Data extract below:

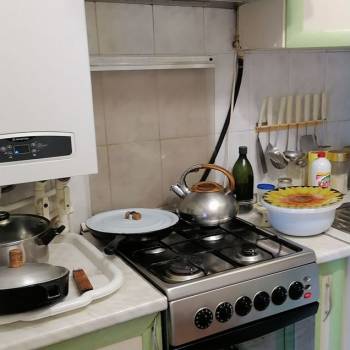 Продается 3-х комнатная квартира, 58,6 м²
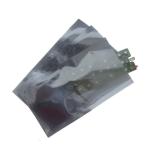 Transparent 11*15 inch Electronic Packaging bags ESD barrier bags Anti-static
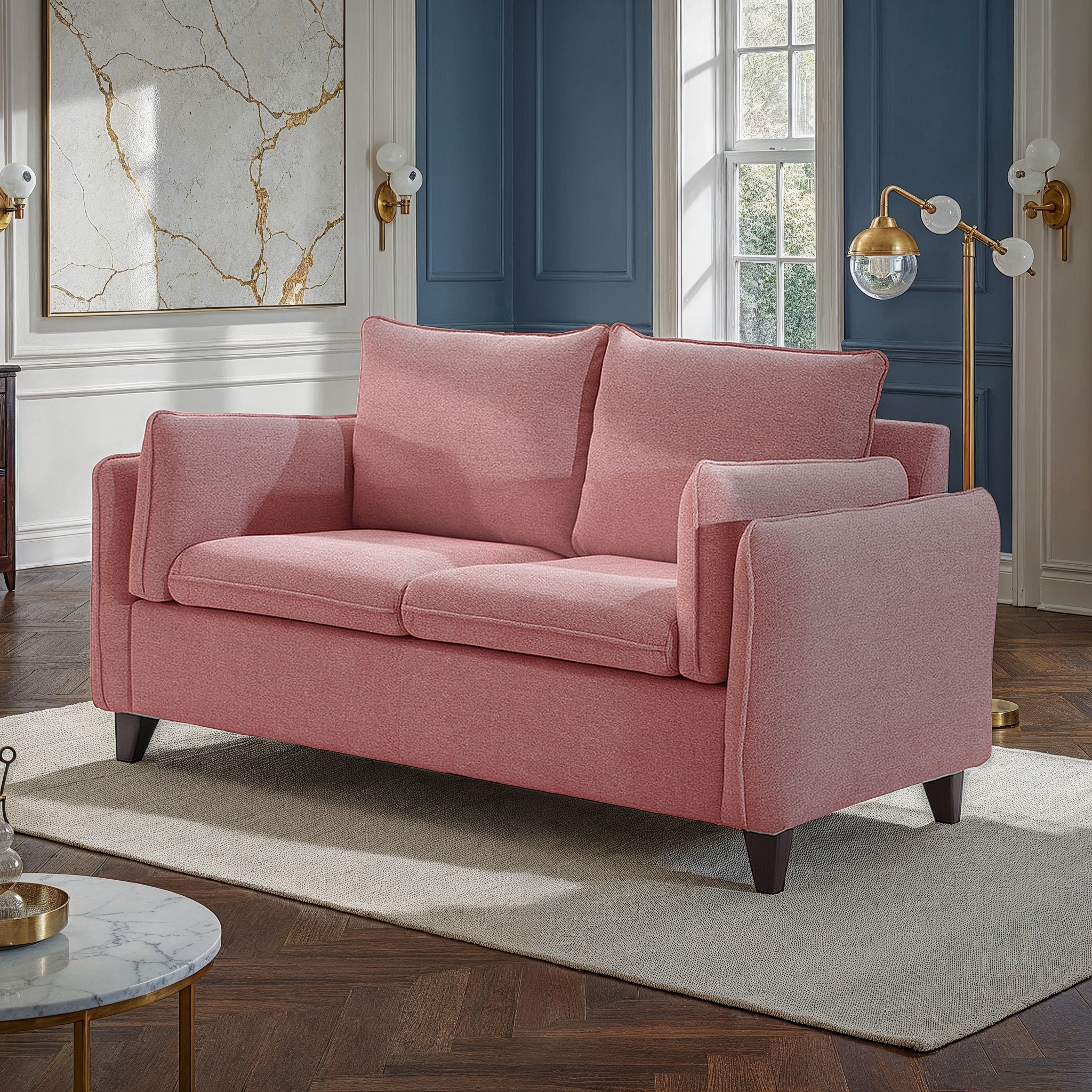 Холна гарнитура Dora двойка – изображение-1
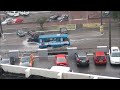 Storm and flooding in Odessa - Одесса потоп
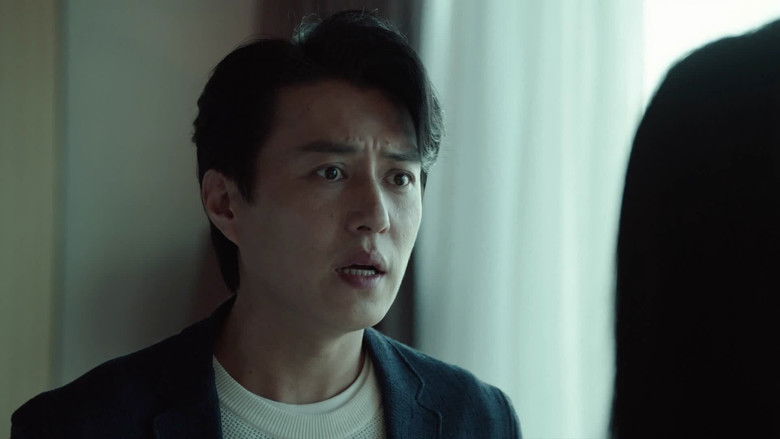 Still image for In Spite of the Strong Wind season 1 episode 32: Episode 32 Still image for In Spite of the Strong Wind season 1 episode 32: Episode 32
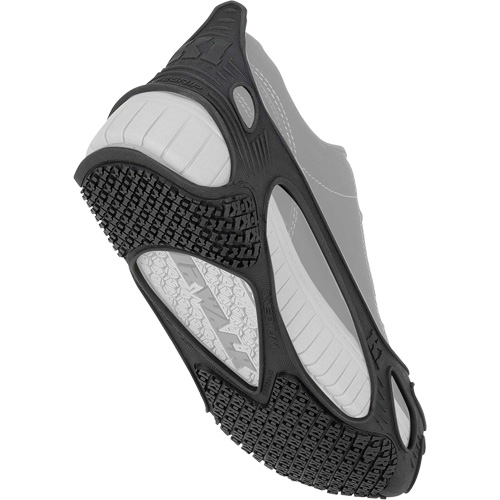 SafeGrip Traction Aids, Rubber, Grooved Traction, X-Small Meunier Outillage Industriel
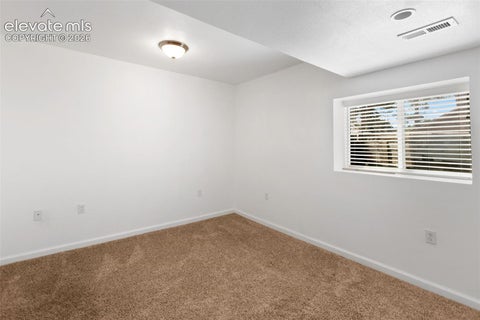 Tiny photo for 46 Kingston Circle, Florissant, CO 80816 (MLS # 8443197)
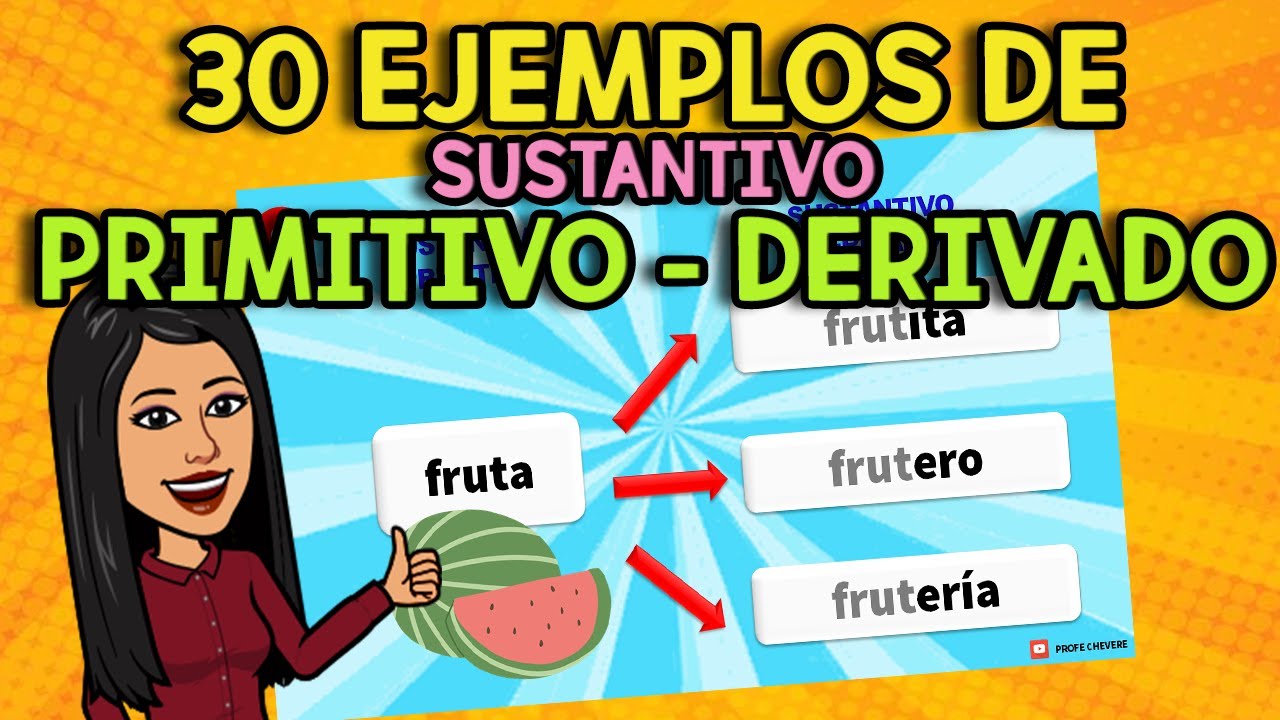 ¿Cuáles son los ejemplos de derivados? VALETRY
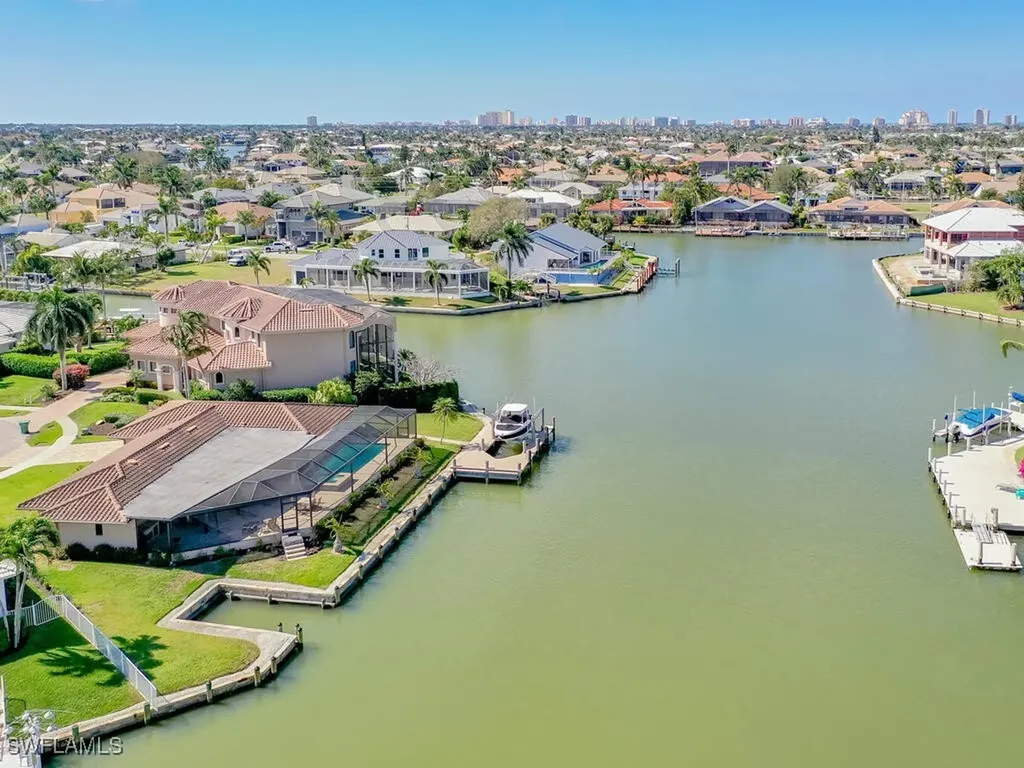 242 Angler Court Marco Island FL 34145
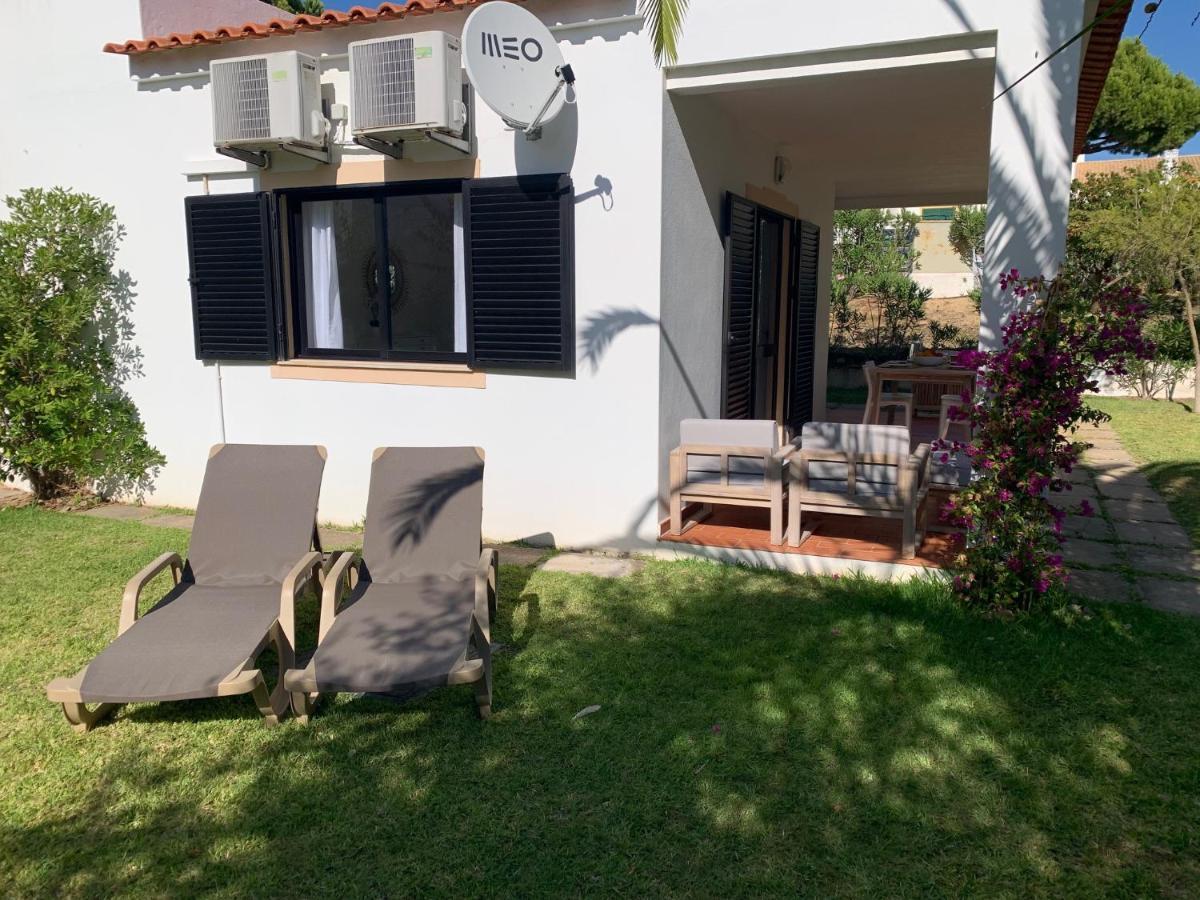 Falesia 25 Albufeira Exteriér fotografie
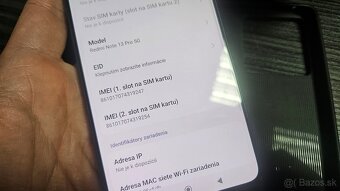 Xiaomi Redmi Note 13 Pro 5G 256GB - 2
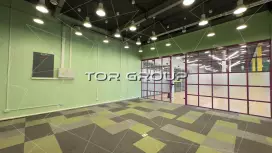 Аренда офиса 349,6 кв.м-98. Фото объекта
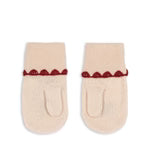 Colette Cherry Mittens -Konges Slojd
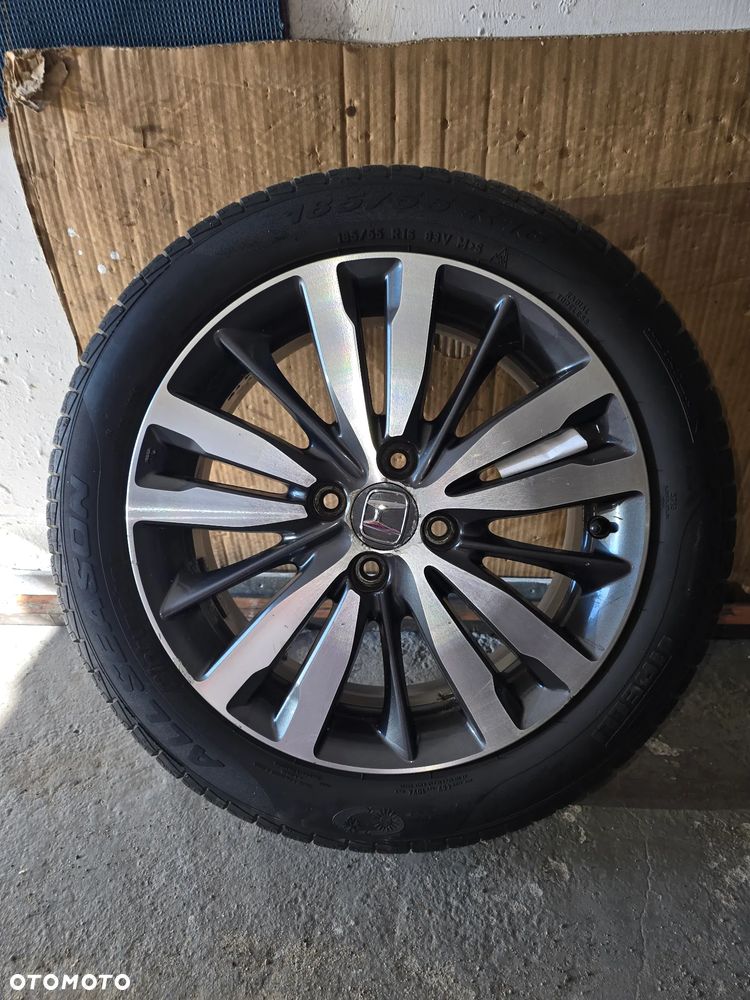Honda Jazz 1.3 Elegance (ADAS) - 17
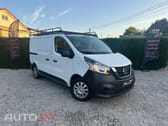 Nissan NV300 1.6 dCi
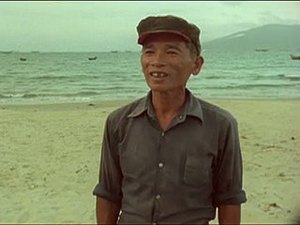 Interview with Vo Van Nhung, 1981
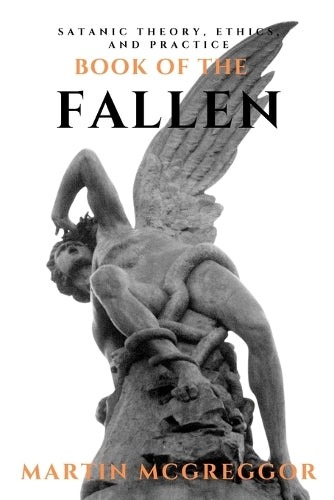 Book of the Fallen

End of Data extract.

- Exercise brief -
Every line of the records above should be copied exactly, while the pictures are left behind.

- Your response -
 Продается 3-х комнатная квартира, 58,6 м²
 Transparent 11*15 inch Electronic Packaging bags ESD barrier bags Anti-static
 Холна гарнитура Dora двойка – изображение-1
 Storm and flooding in Odessa - Одесса потоп
 Still image for In Spite of the Strong Wind season 1 episode 32: Episode 32 Still image for In Spite of the Strong Wind season 1 episode 32: Episode 32
 SafeGrip Traction Aids, Rubber, Grooved Traction, X-Small Meunier Outillage Industriel
 Tiny photo for 46 Kingston Circle, Florissant, CO 80816 (MLS # 8443197)
 ¿Cuáles son los ejemplos de derivados? VALETRY
 242 Angler Court Marco Island FL 34145
 Falesia 25 Albufeira Exteriér fotografie
 Xiaomi Redmi Note 13 Pro 5G 256GB - 2
 Аренда офиса 349,6 кв.м-98. Фото объекта
 Colette Cherry Mittens -Konges Slojd
Honda Jazz 1.3 Elegance (ADAS) - 17
 Nissan NV300 1.6 dCi
 Interview with Vo Van Nhung, 1981
 Book of the Fallen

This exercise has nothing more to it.